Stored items
§ §

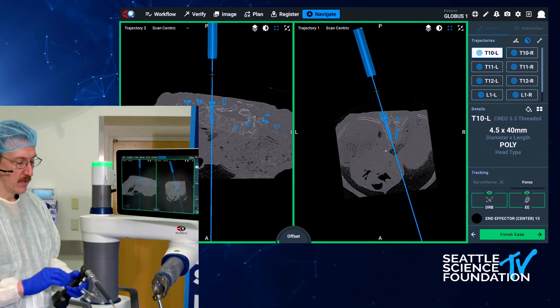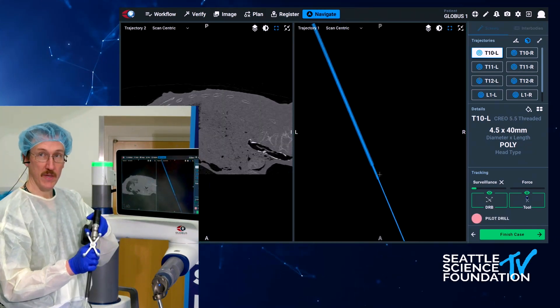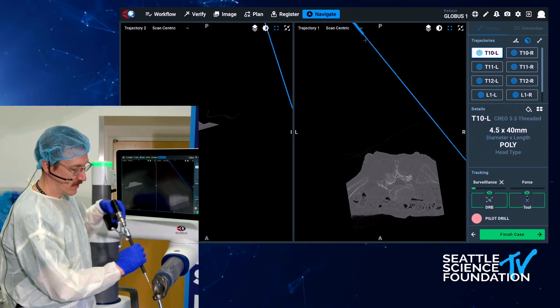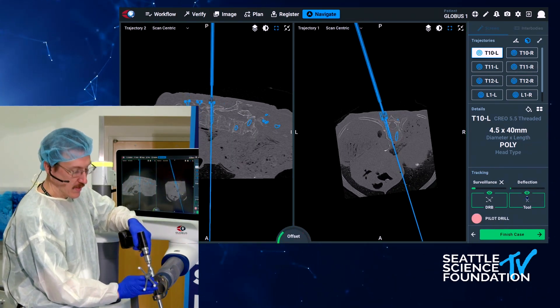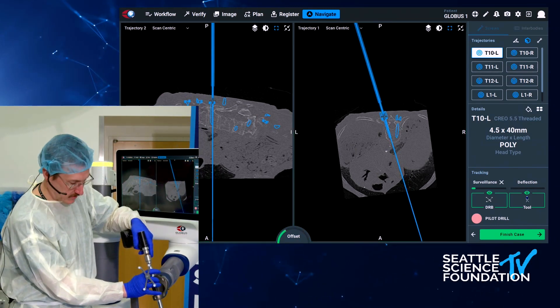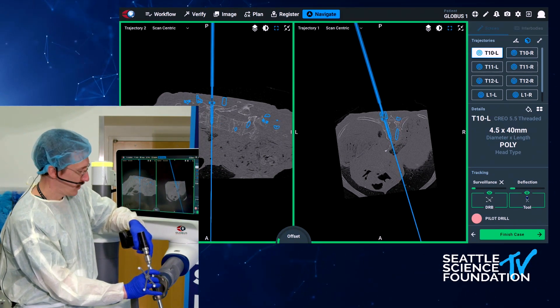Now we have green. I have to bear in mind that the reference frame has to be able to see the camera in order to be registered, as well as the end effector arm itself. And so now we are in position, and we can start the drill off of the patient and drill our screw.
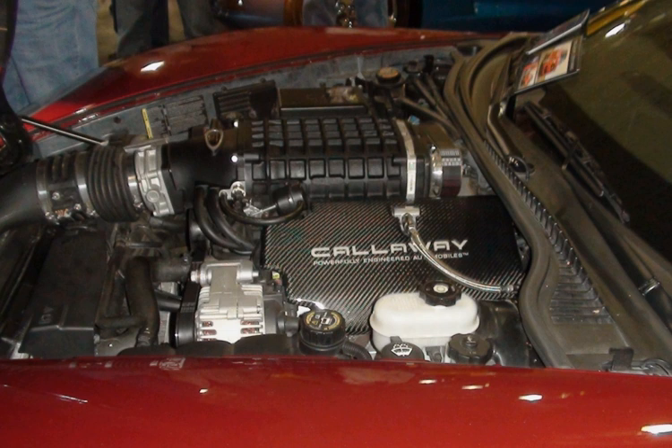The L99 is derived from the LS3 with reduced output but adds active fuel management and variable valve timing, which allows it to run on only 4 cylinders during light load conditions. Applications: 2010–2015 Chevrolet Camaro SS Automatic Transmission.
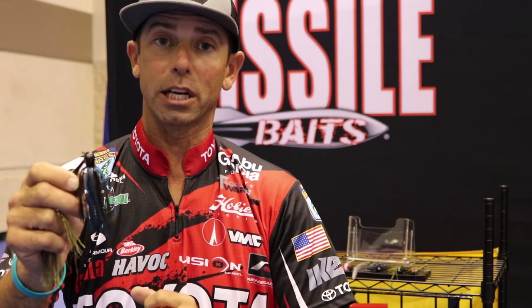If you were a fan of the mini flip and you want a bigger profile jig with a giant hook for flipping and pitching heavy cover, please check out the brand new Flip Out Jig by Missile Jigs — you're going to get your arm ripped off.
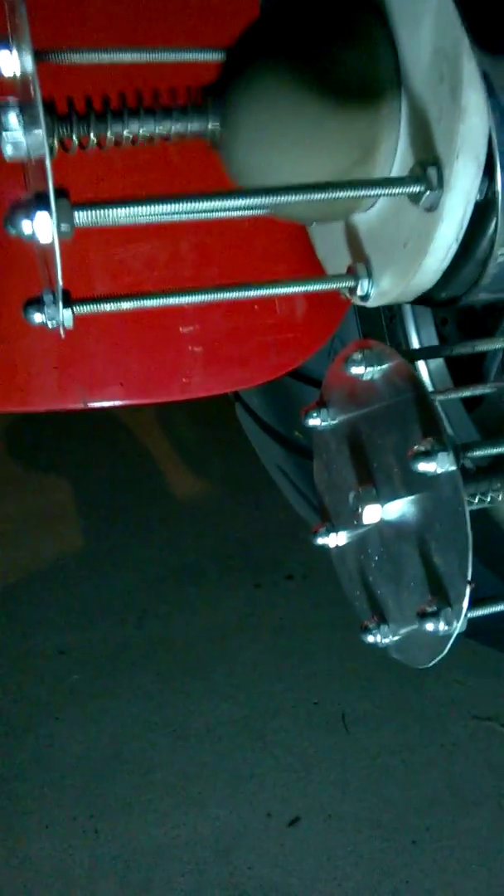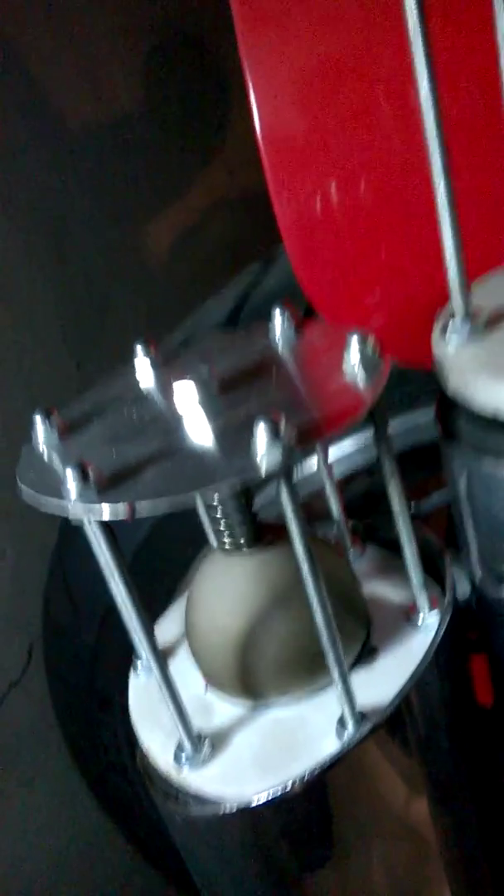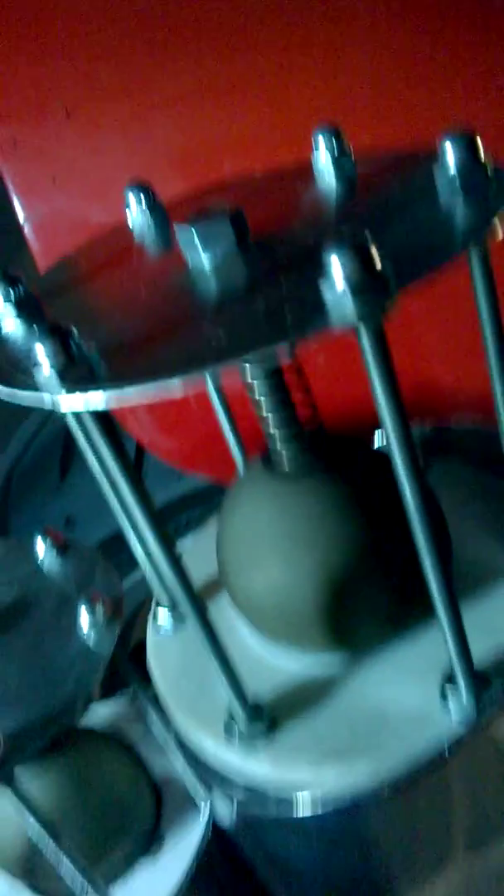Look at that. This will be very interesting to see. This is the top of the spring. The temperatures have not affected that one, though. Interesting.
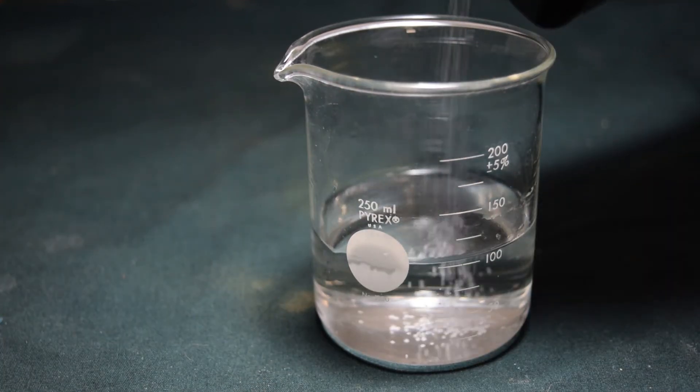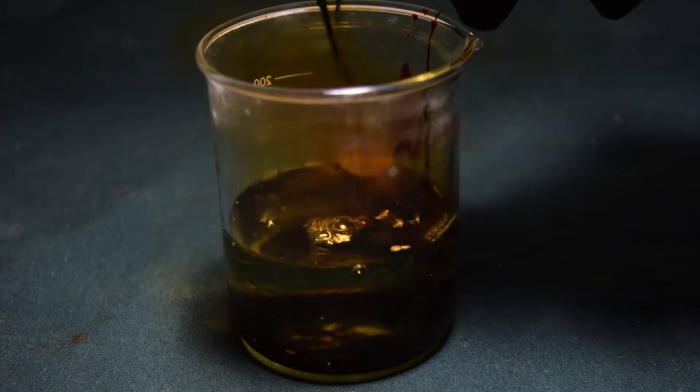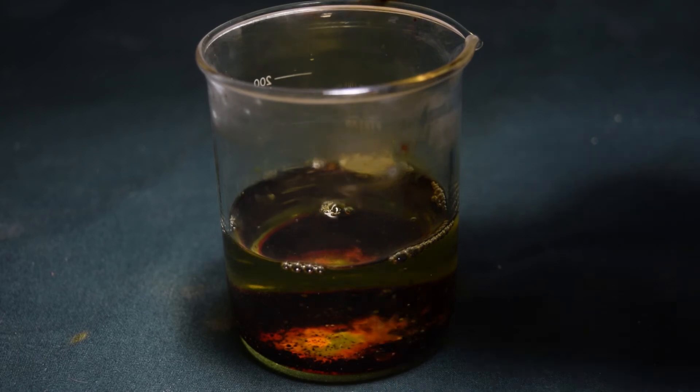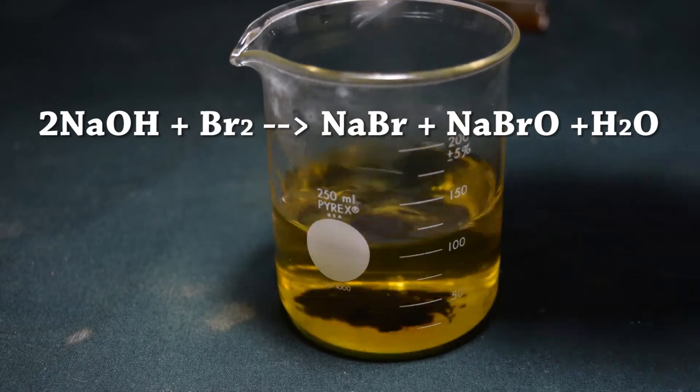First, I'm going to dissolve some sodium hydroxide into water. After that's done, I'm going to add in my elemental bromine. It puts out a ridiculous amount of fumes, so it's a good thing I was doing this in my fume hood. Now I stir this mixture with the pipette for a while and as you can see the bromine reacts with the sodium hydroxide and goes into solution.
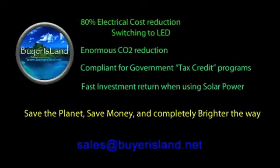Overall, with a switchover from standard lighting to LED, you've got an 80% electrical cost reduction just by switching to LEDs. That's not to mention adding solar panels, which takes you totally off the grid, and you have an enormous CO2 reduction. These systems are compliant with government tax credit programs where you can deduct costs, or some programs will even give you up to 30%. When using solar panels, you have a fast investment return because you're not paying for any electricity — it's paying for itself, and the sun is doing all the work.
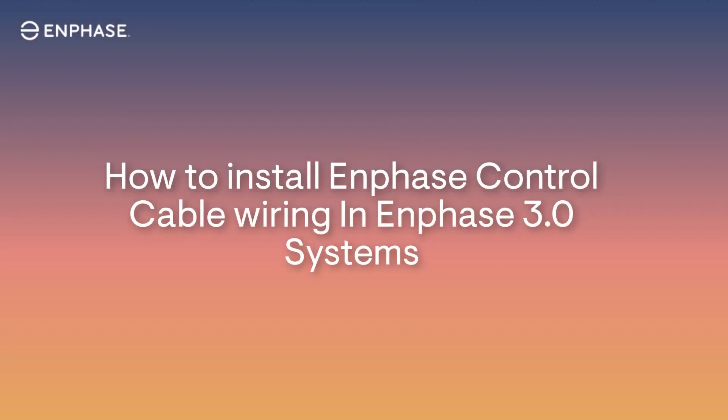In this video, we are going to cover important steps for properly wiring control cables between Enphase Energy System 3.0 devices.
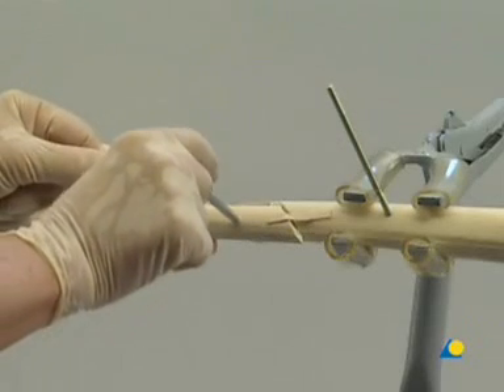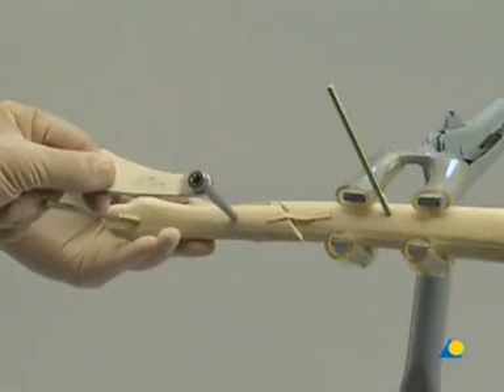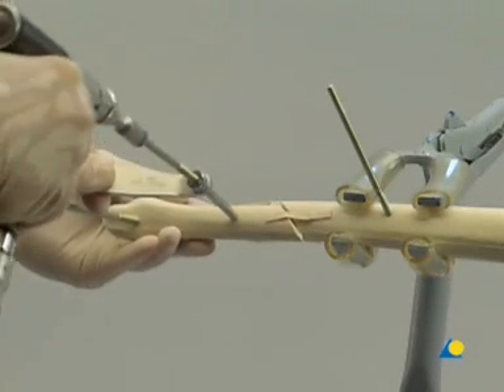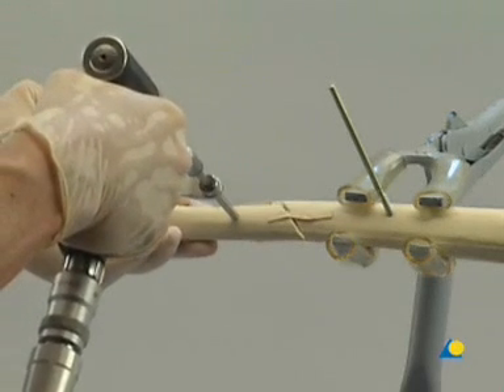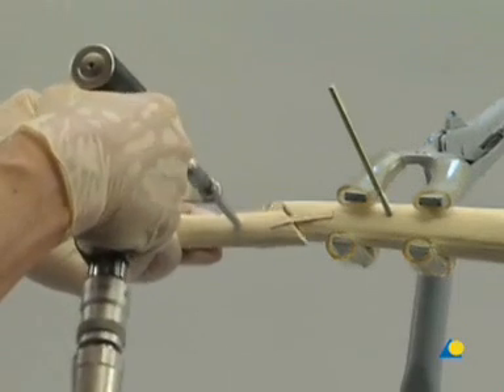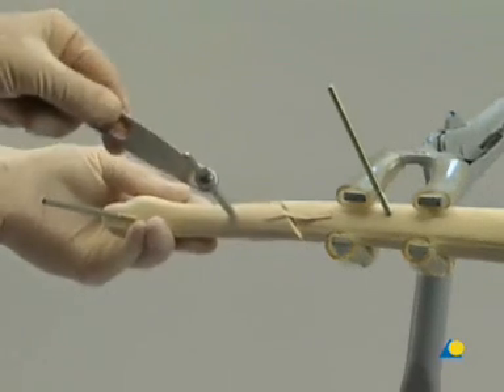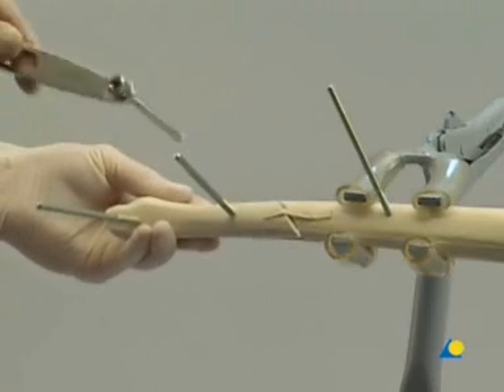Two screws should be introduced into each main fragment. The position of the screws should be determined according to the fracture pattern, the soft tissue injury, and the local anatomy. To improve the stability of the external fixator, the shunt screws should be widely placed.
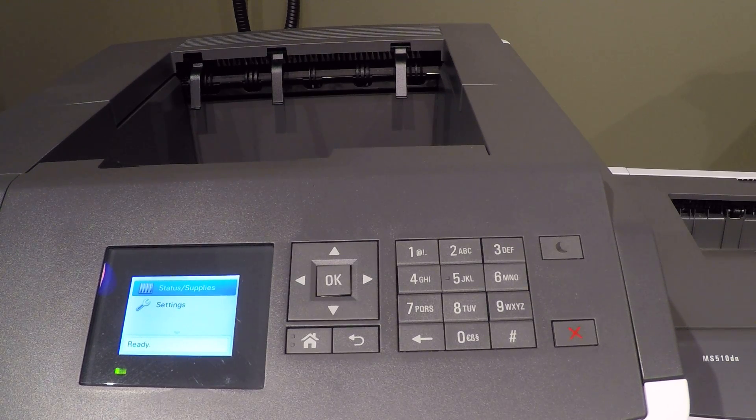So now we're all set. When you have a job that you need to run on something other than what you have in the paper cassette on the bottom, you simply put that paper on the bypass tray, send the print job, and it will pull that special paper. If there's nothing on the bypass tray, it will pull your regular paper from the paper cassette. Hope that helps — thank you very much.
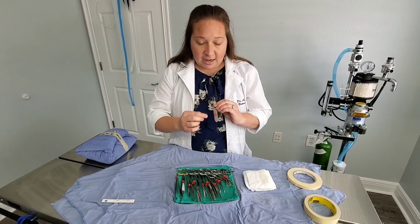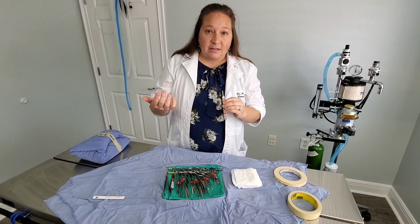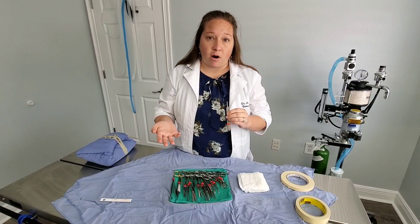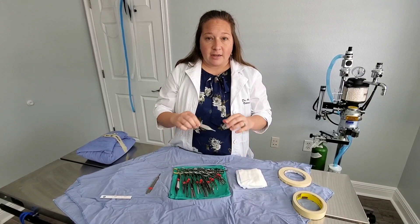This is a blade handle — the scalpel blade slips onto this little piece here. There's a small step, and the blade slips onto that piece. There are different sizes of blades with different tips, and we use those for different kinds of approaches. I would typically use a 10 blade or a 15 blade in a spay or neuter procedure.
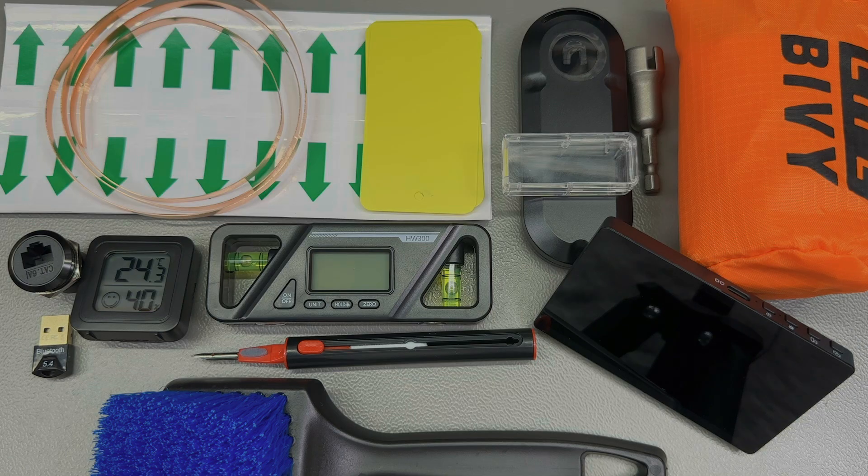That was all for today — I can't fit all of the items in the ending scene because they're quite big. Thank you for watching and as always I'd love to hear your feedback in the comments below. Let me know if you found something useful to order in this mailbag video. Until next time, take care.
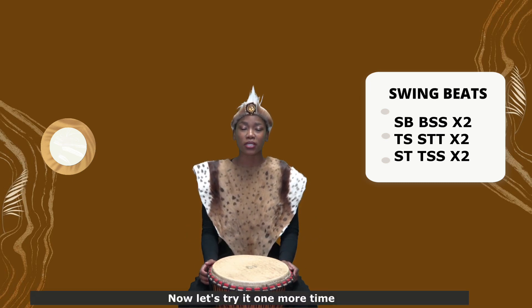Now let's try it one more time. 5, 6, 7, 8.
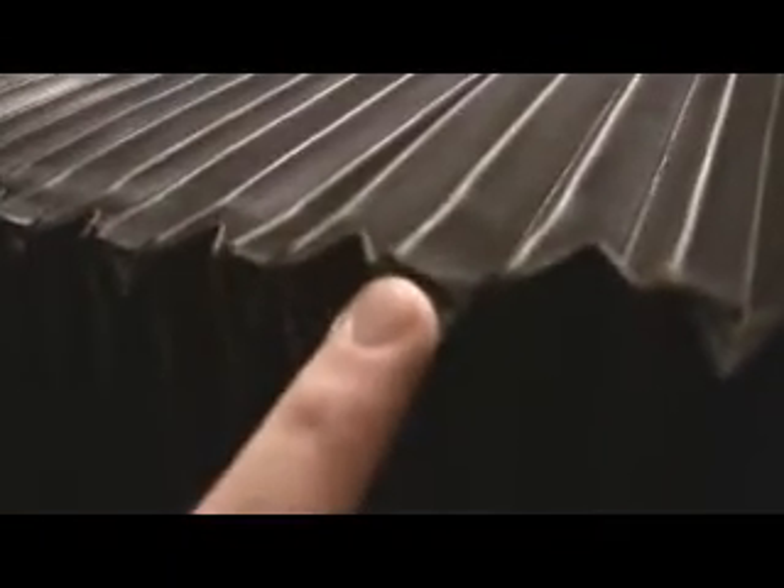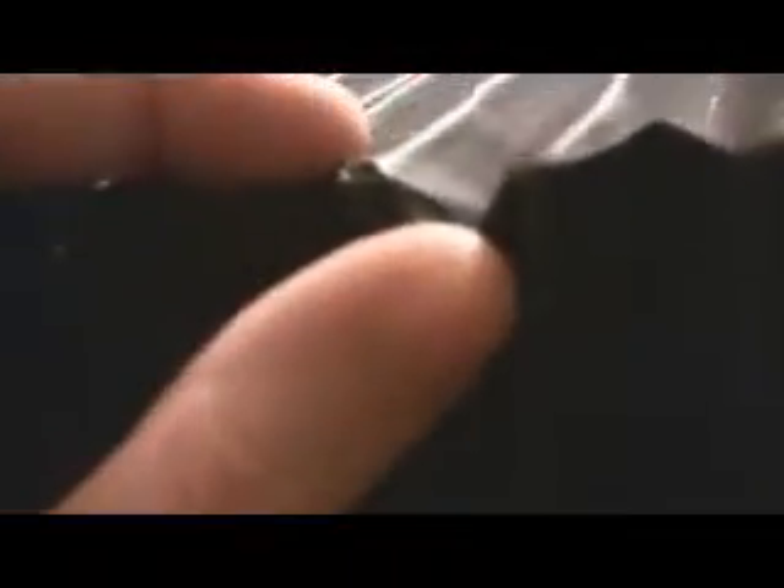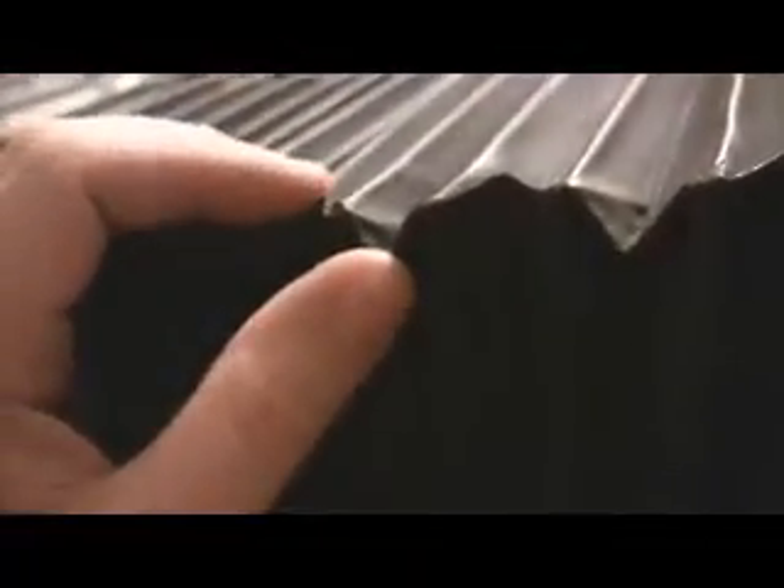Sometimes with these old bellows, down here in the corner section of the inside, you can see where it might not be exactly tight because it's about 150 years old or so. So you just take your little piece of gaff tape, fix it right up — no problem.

§ §

The problem: All lines above starting at the one with "If you were" and ending at the one with "First, I'm going", inclusive, are to be printed again exactly, with the pictures left out.

Written solution:
If you were a fan of the mini flip and you want a bigger profile jig with a giant hook for flipping and pitching heavy cover, please check out the brand new Flip Out Jig by Missile Jigs — you're going to get your arm ripped off.
Look at that. This will be very interesting to see. This is the top of the spring. The temperatures have not affected that one, though. Interesting.
First, I'm going to dissolve some sodium hydroxide into water. After that's done, I'm going to add in my elemental bromine. It puts out a ridiculous amount of fumes, so it's a good thing I was doing this in my fume hood. Now I stir this mixture with the pipette for a while and as you can see the bromine reacts with the sodium hydroxide and goes into solution.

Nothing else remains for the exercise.